Forward-looking statements are often identified by terms such as “will”, “may”, “should”, “anticipate”, “expects” and similar expressions.

There can be no assurance that such statements will prove to be accurate and actual results and future events could differ materially from those anticipated in such statements. Important factors that could cause actual results to differ materially from the Company’s expectations include the failure of the Company to achieve its business objectives and other risks detailed from time to time in the filings made by the Company with securities regulators.

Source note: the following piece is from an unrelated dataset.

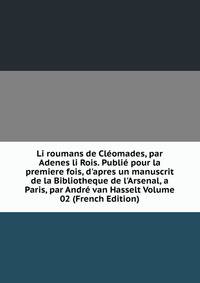 Li roumans de Cl?omades, par Adenes li Rois. Publi? pour la premiere fois, d'apres un manuscrit de la Bibliotheque de l'Arsenal, a Paris, par Andr? van Hasselt Volume 02 (French Edition)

The reader is cautioned that assumptions used in the preparation of any forward-looking statements may prove to be incorrect. Events or circumstances may cause actual results to differ materially from those predicted, as a result of numerous known and unknown risks, uncertainties, and other factors, many of which are beyond the control of the Company. The reader is cautioned not to place undue reliance on any forward-looking statement. Such information, although considered reasonable by management at the time of preparation, may prove to be incorrect and actual results may differ materially from those anticipated. Forward-looking statements contained in this news release are expressly qualified by this cautionary statement. Risks and uncertainties about the Company’s business are more fully discussed in the Company’s disclosure materials, including the short form prospectus filed in connection with the Offering, its Annual Report on Form 10-K filed with the United States Securities and Exchange Commission and the Canadian securities regulators and which can be obtained from either at www.sec.gov or www.sedar.com.

The forward-looking statements contained in this news release are made as of the date of this news release and the Company assumes no obligation to update any forward-looking statement or to update the reasons why actual results could differ from such statements except to the extent required by law.